### What this task involves
Transcribe the records verbatim, images excluded.
===== Material for the task
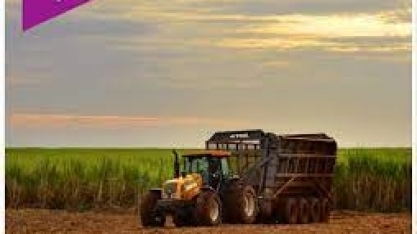 Raízen (RAIZ4) no 3T24: CEO destaca produtividade agrícola, etanol e parceria com Petrobras (PETR4)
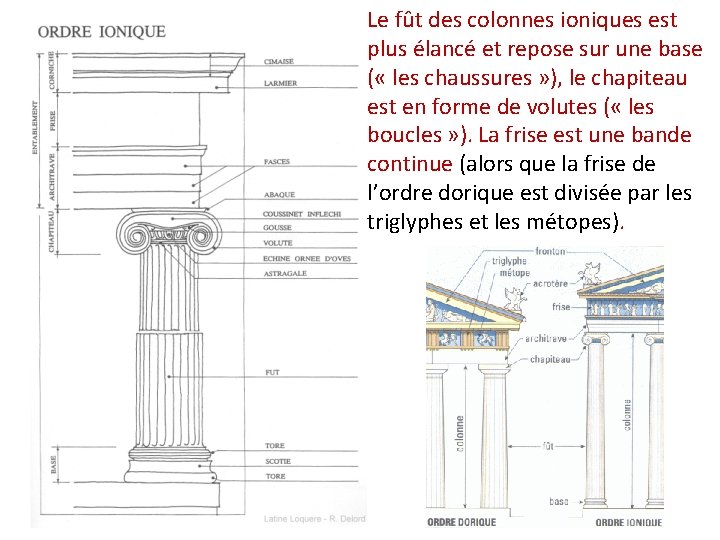 Le fût des colonnes ioniques est plus élancé et repose sur une base (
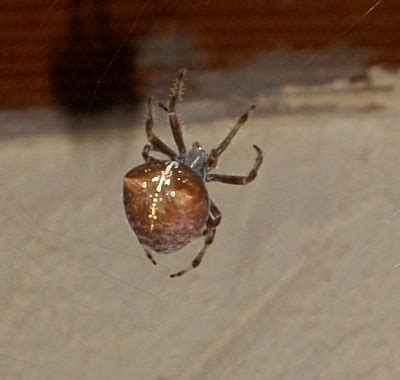 brown spider with big butt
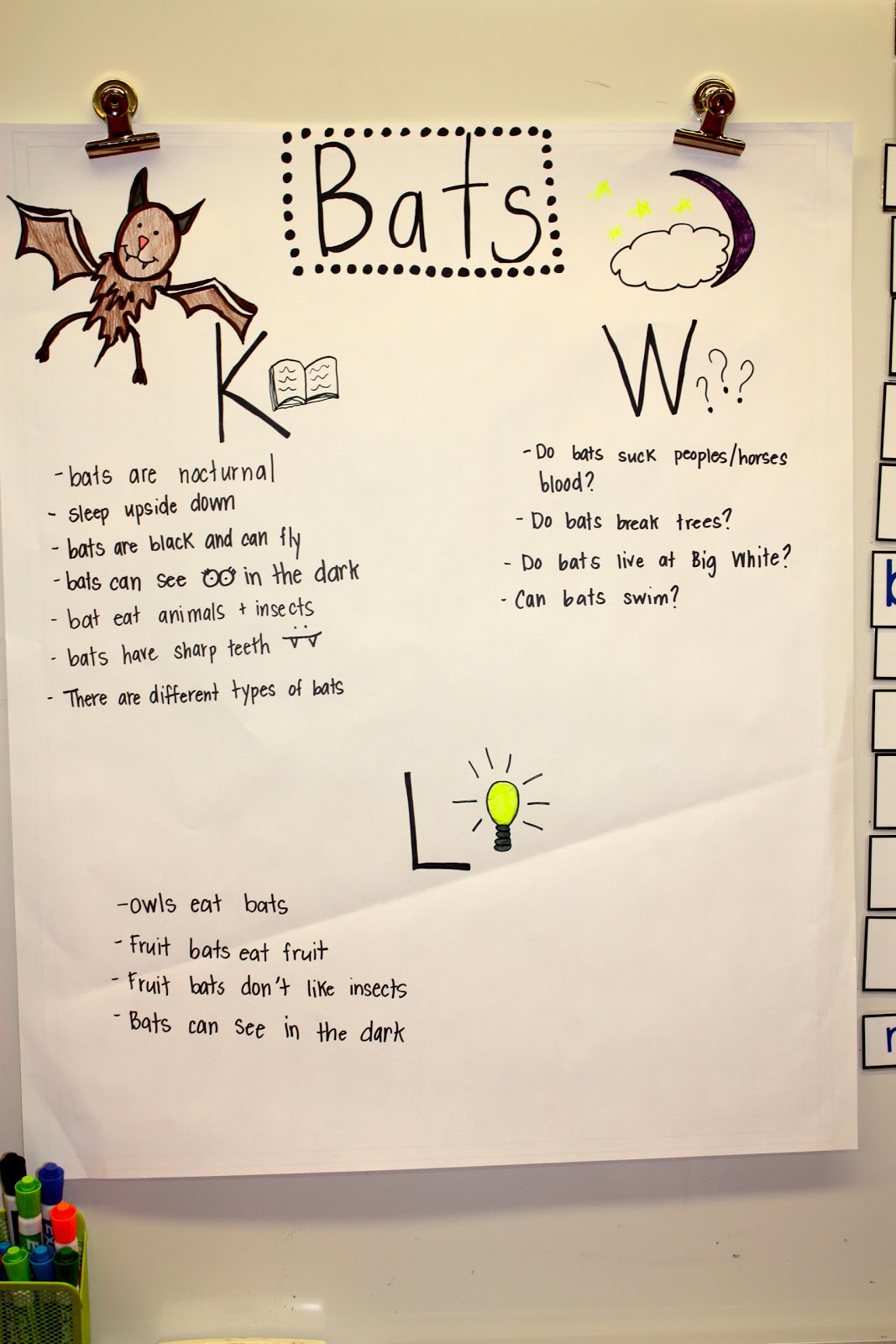 Ms. Liebel's Classroom All About Bats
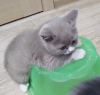 Photo №1. scottish fold - à vendre en ville de Kharkov | 45€ | Annonce № 10678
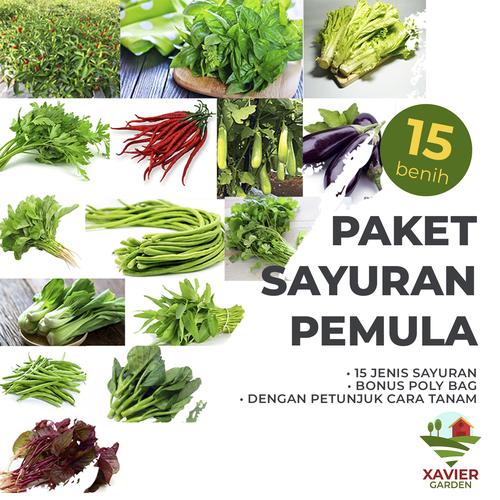 Foto Produk BENIH PAKET SAYURAN PEMULA ISI 15 BIBIT SAYURAN dari Xavier Garden
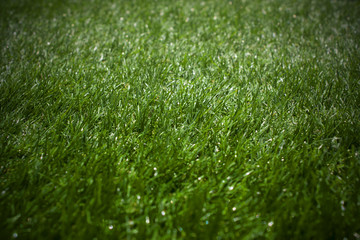 artificial green grass blur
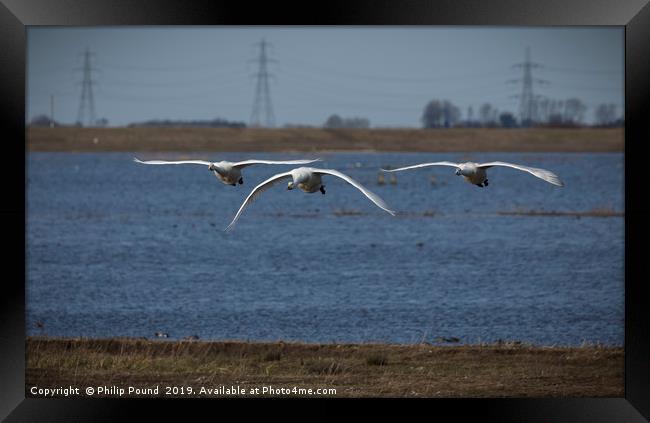 Three Whooper Swans in Flight Framed Print by Philip Pound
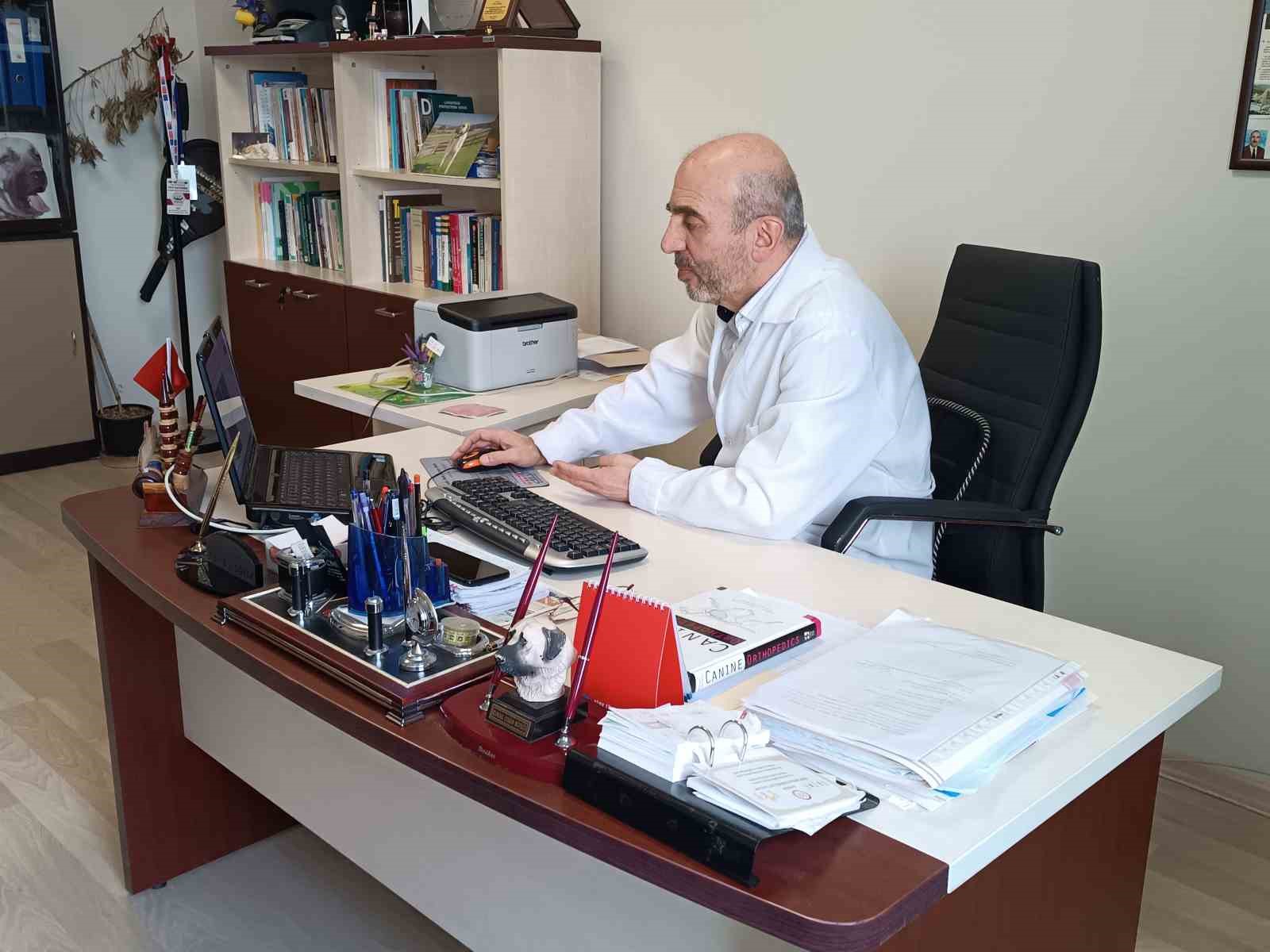 Uzman tavsiyesi: "Ayıyla karşılaşınca kaçmayın, ondan büyük görünmeye çalışın"
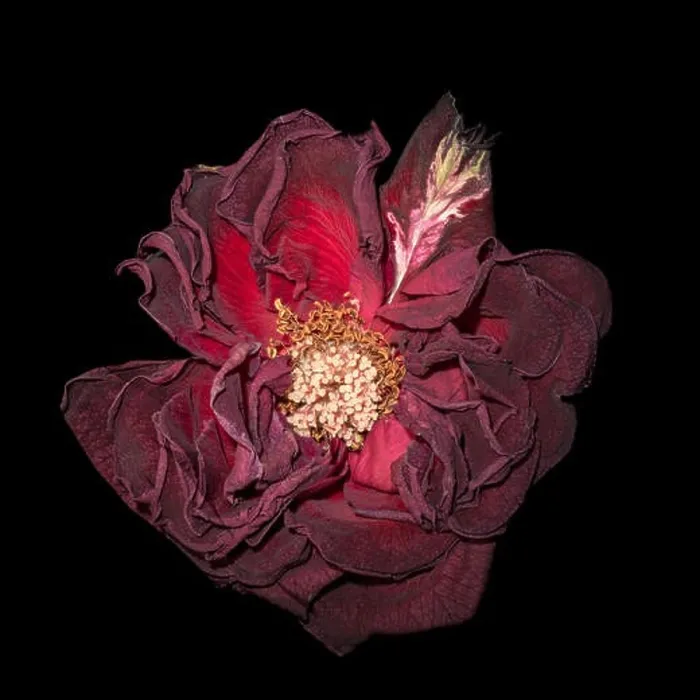 Framed Print : Fine art still life floral close up macro of an aged lush purple dark red velvety rose blossom with detailed texture Framed Print : Fine art still life floral close up macro of an aged lush purple dark red velvety rose blossom with detailed texture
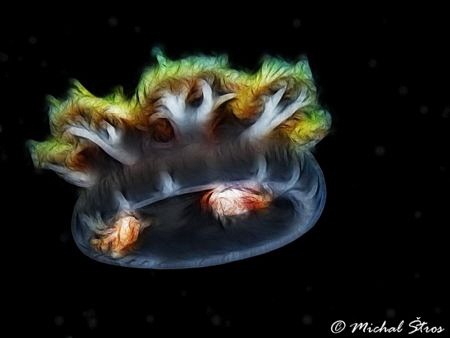 Upside-down jellyfish (Cassiopea andromeda) by Michal Štros 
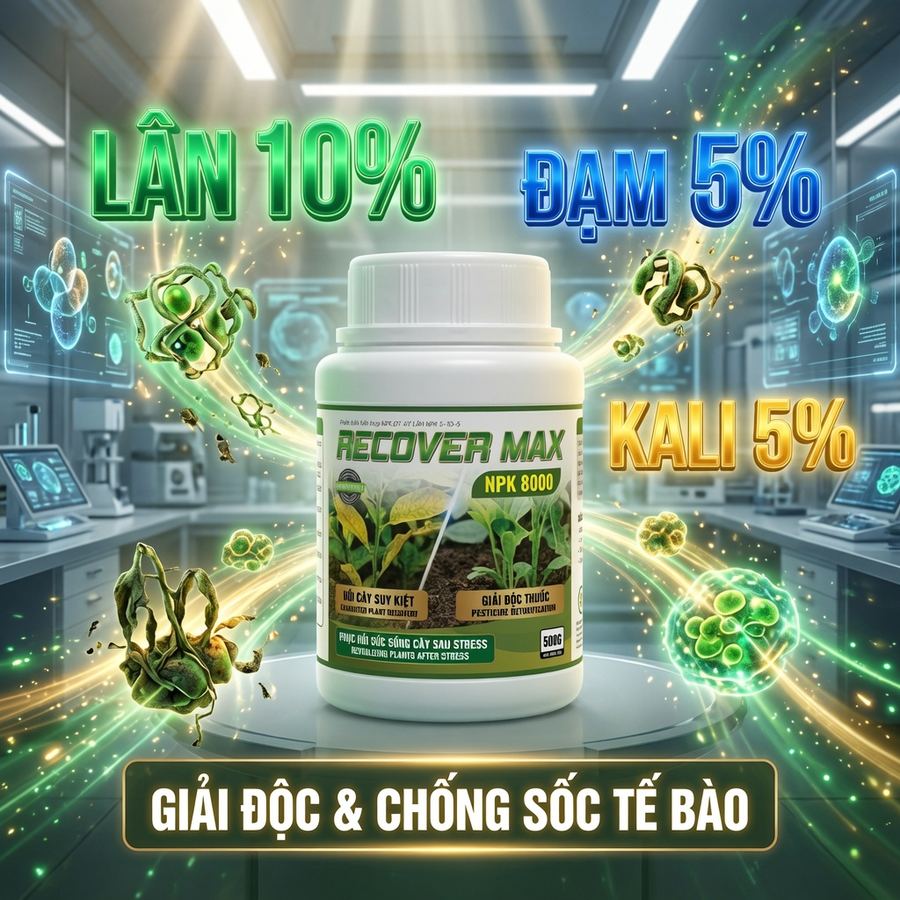 PHỤC HỒI SỨC SỐNG CÂY SAU STRESS - RECOVER MAX NPK 8000
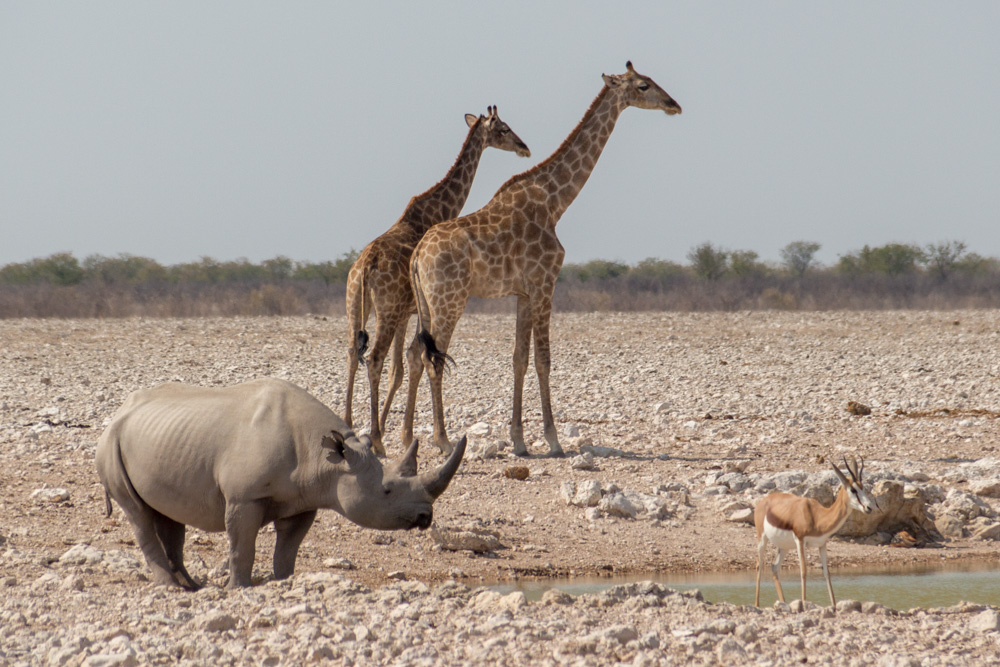 rhino, giraffe, and springbok @ Gemsbokvlakte waterhole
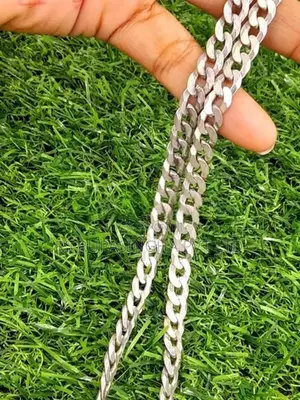 Silver Chain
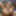 Elen Million&#039;s double prolapse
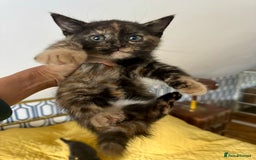 British Shorthair cats for sale: Pure British Shorthair Kittens Ready Now! - Image 2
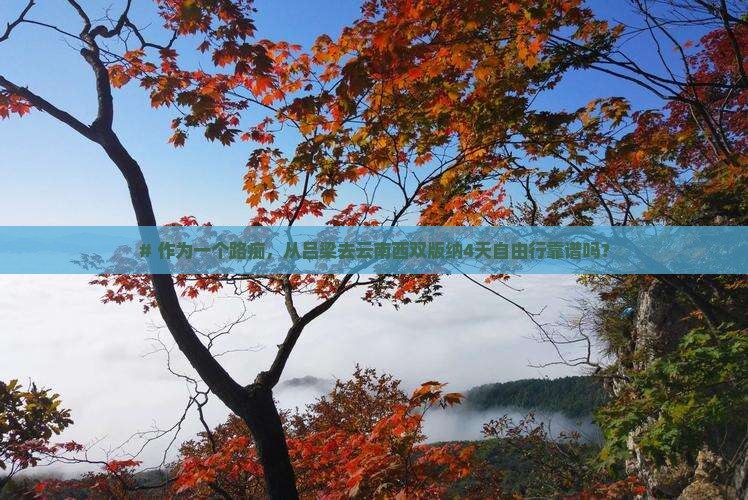 # 作为一个路痴，从吕梁去云南西双版纳4天自由行靠谱吗？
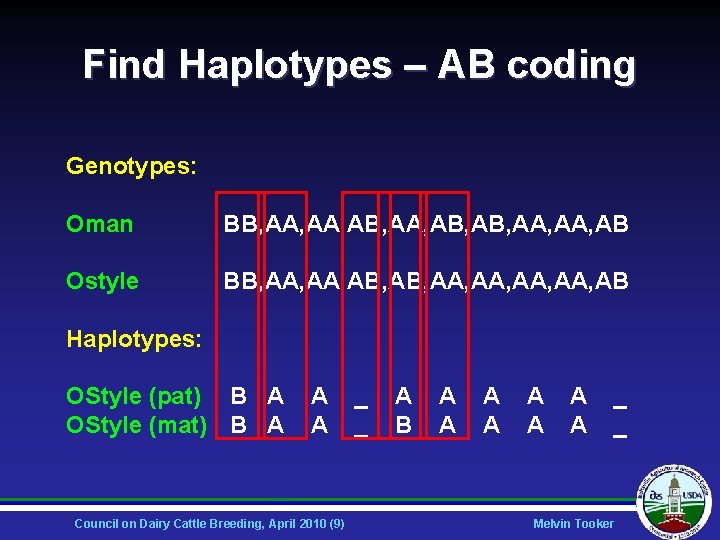 Find Haplotypes – AB coding Genotypes: Oman BB, AA, AB, AA, AB Ostyle BB,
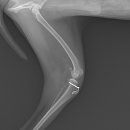 쿨펫동물병원 킨텍스점 이미지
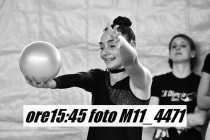 M11_4471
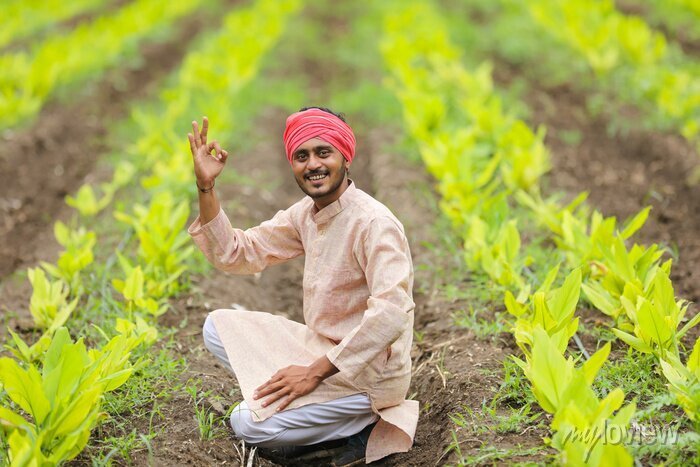 Farmer in turmeric field
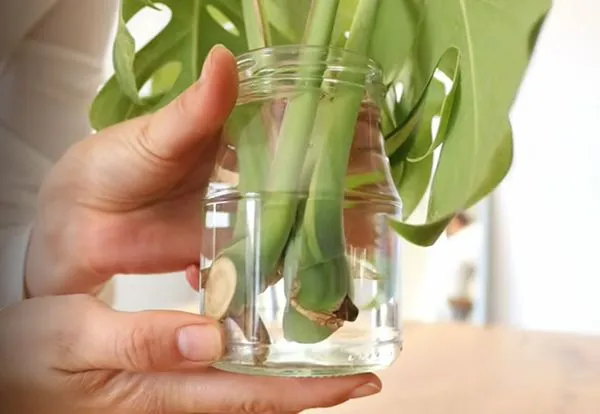 Node in clean water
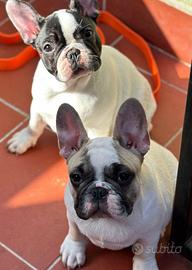 Bouledogue Francese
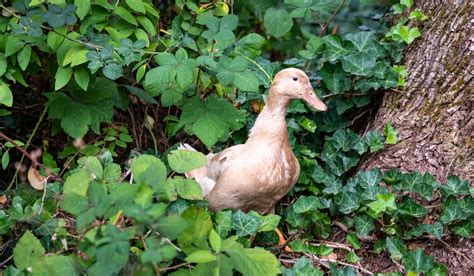 Buff Duck Breed Profile - Farmhouse Guide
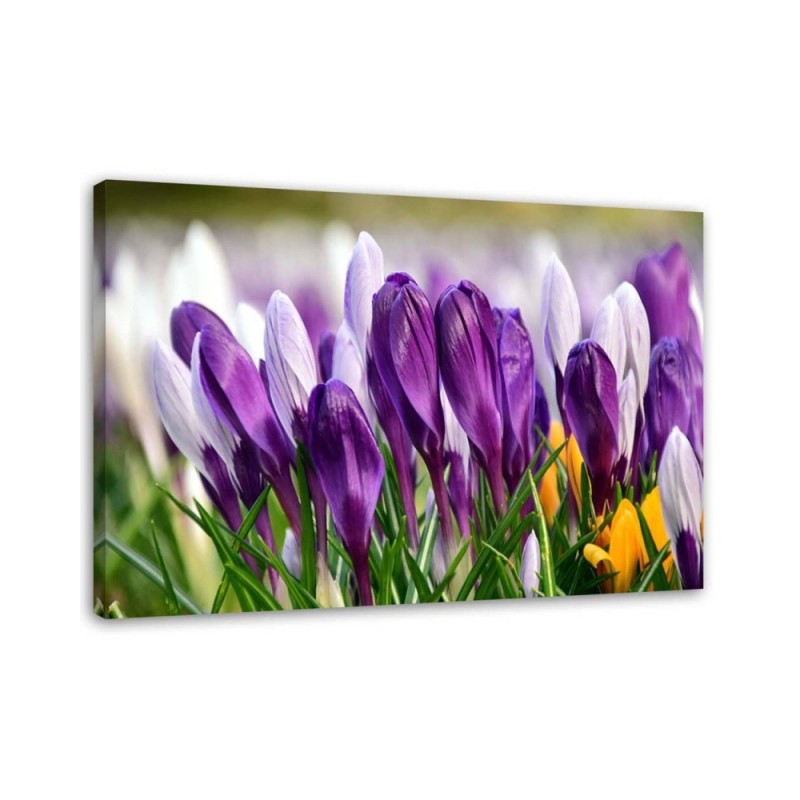 Canvas painting - Meadow with crocuses | FEEBY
==========
### Solution for this task
 Raízen (RAIZ4) no 3T24: CEO destaca produtividade agrícola, etanol e parceria com Petrobras (PETR4)
 Le fût des colonnes ioniques est plus élancé et repose sur une base (
 brown spider with big butt
 Ms. Liebel's Classroom All About Bats
 Photo №1. scottish fold - à vendre en ville de Kharkov | 45€ | Annonce № 10678
 Foto Produk BENIH PAKET SAYURAN PEMULA ISI 15 BIBIT SAYURAN dari Xavier Garden
 artificial green grass blur
 Three Whooper Swans in Flight Framed Print by Philip Pound
 Uzman tavsiyesi: "Ayıyla karşılaşınca kaçmayın, ondan büyük görünmeye çalışın"
 Framed Print : Fine art still life floral close up macro of an aged lush purple dark red velvety rose blossom with detailed texture Framed Print : Fine art still life floral close up macro of an aged lush purple dark red velvety rose blossom with detailed texture
 Upside-down jellyfish (Cassiopea andromeda) by Michal Štros 
 PHỤC HỒI SỨC SỐNG CÂY SAU STRESS - RECOVER MAX NPK 8000
 rhino, giraffe, and springbok @ Gemsbokvlakte waterhole
 Silver Chain
 Elen Million&#039;s double prolapse
 British Shorthair cats for sale: Pure British Shorthair Kittens Ready Now! - Image 2
 # 作为一个路痴，从吕梁去云南西双版纳4天自由行靠谱吗？
 Find Haplotypes – AB coding Genotypes: Oman BB, AA, AB, AA, AB Ostyle BB,
 쿨펫동물병원 킨텍스점 이미지
 M11_4471
 Farmer in turmeric field
 Node in clean water
 Bouledogue Francese
 Buff Duck Breed Profile - Farmhouse Guide
 Canvas painting - Meadow with crocuses | FEEBY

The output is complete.